What are the validity periods on the certificates and is the system clock right on this host?

openssl x509 -in /etc/origin/master/master.etcd-client.crt -noout -text | grep Not
openssl x509 -in /etc/origin/master/etcd.server.crt -noout -text | grep Not
...

abutcher on 7 Nov 2016

Good eye -- The clock is accurate for my timezone at least. I think I spun up the cluster with the openshift-ansible playbooks around 16:00ish, I want to say.

But, when I show the dates for those certs.... They appear to not kick in until for another 15 minutes.

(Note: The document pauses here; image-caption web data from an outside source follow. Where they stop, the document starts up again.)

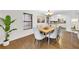 Bright dining room features hardwood floors, modern light fixture and is adjacent to the kitchen with all white appliances at 2929 Alberta Dr, Marietta, GA 30062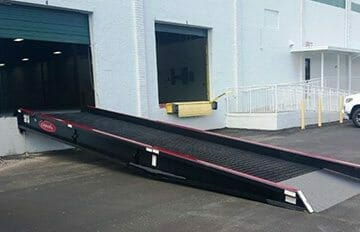 A dock ramp connected to a loading dock bay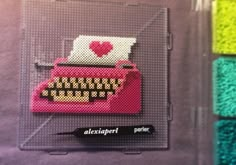 an image of a pink typewriter with hearts on it's screen and other colors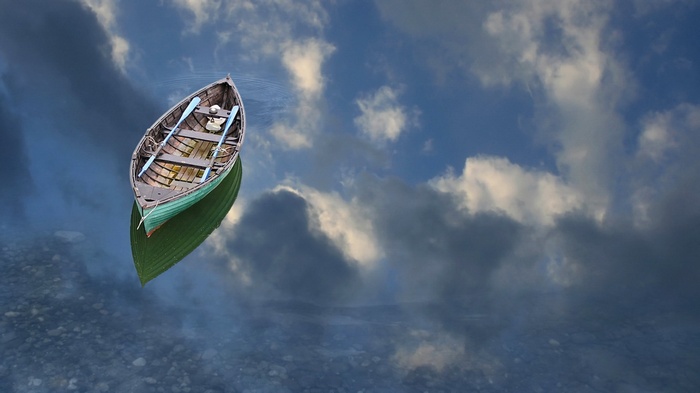 A lone rowboat floats on a reflective surface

[root@test-cluster-master-0 openshift]# date
Mon Nov  7 17:58:13 EST 2016
[root@test-cluster-master-0 openshift]# openssl x509 -in /etc/origin/master/master.etcd-client.crt -noout -text | grep Not
            Not Before: Nov  7 23:14:32 2016 GMT
            Not After : Nov  7 23:14:33 2018 GMT
[root@test-cluster-master-0 openshift]# openssl x509 -in /etc/origin/master/etcd.server.crt -noout -text | grep Not
            Not Before: Nov  7 23:14:33 2016 GMT
            Not After : Nov  7 23:14:34 2018 GMT

Also, for what it's worth, the machine where I ran the playbooks from has the system clock in UTC, unsure if that plays a role.

[stack@undercloud openshift-ansible]$ date
Mon Nov  7 23:01:10 UTC 2016

dougbtv on 8 Nov 2016

I wound up changing my nodes so that they are UTC, to see if it helped, and they have the right time, but, still getting a cert created out into the future. And, still winding up with the same results when trying to run the Start and enable master play. I'm going to take a look at how the certs are created in the playbooks and I'll come back with some findings.

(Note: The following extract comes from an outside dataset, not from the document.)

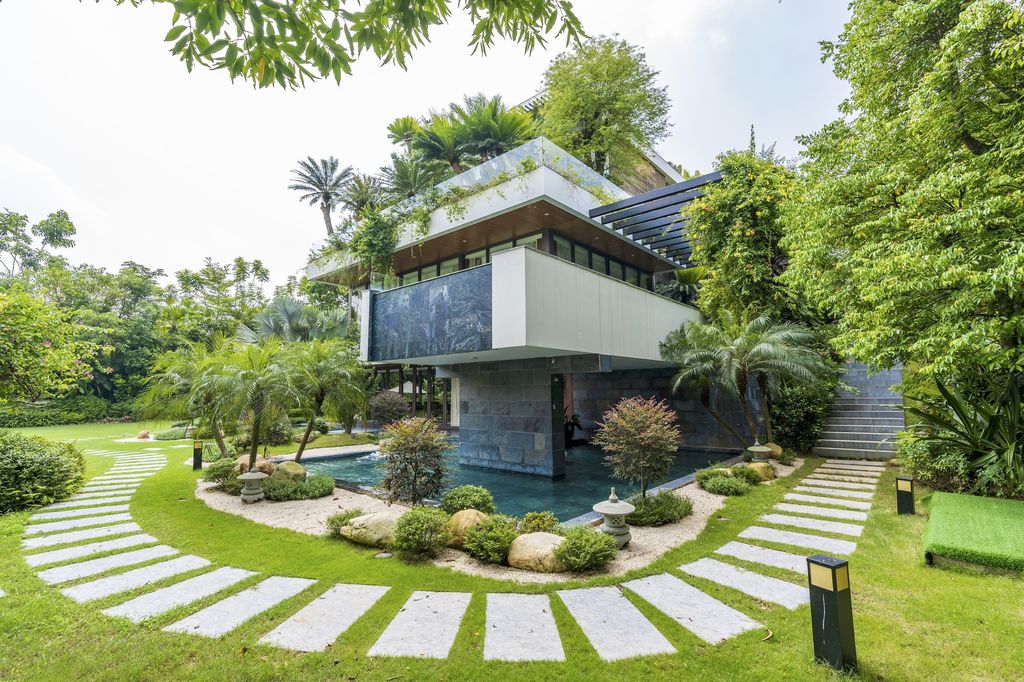 Legend Mansion Villa in Vietnam by Flamingo Architecture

[root@test-cluster-master-0 openshift]# date
Tue Nov  8 15:48:40 UTC 2016

[root@test-cluster-master-0 openshift]# journalctl -u origin-master -n 1000 | grep -i 4001 | tail -n 1
Nov 08 15:46:36 test-cluster-master-0.localdomain openshift[7018]: published {Name:openshift.local ClientURLs:[https://192.168.108.4:4001]} to cluster 8a936018f0e1ec33

[root@test-cluster-master-0 openshift]# etcdctl --endpoints="https://192.168.108.4:4001" --cert-file /etc/origin/master/master.etcd-client.crt --key-file /etc/origin/master/master.etcd-client.key --ca-file /etc/origin/master/ca.crt cluster-health
cluster may be unhealthy: failed to list members
Error:  client: etcd cluster is unavailable or misconfigured
error #0: x509: certificate has expired or is not yet valid

[root@test-cluster-master-0 openshift]# openssl x509 -in /etc/origin/master/master.etcd-client.crt -noout -text | grep Not
            Not Before: Nov  8 17:39:58 2016 GMT
            Not After : Nov  8 17:39:59 2018 GMT
[root@test-cluster-master-0 openshift]# openssl x509 -in /etc/origin/master/etcd.server.crt -noout -text | grep Not
            Not Before: Nov  8 17:39:58 2016 GMT
            Not After : Nov  8 17:39:59 2018 GMT

Additionally, I had tried changing the timezone on the client machine from which I run the playbooks with export TZ="/usr/share/zoneinfo/America/New_York" so it matched the hosts where the playbooks are run against, in case there was some discrepancy with the certs being created locally (I haven't looked much yet). Alas, that didn't work. And I realize that's still in play on this run, so, I'm going to re-run with both client/host on UTC, too, for what it's worth.

dougbtv on 8 Nov 2016

So, I've narrowed it down to it being the play named Create the master certificates if they do not already exist in this line in ./roles/openshift_ca/tasks/main.yml.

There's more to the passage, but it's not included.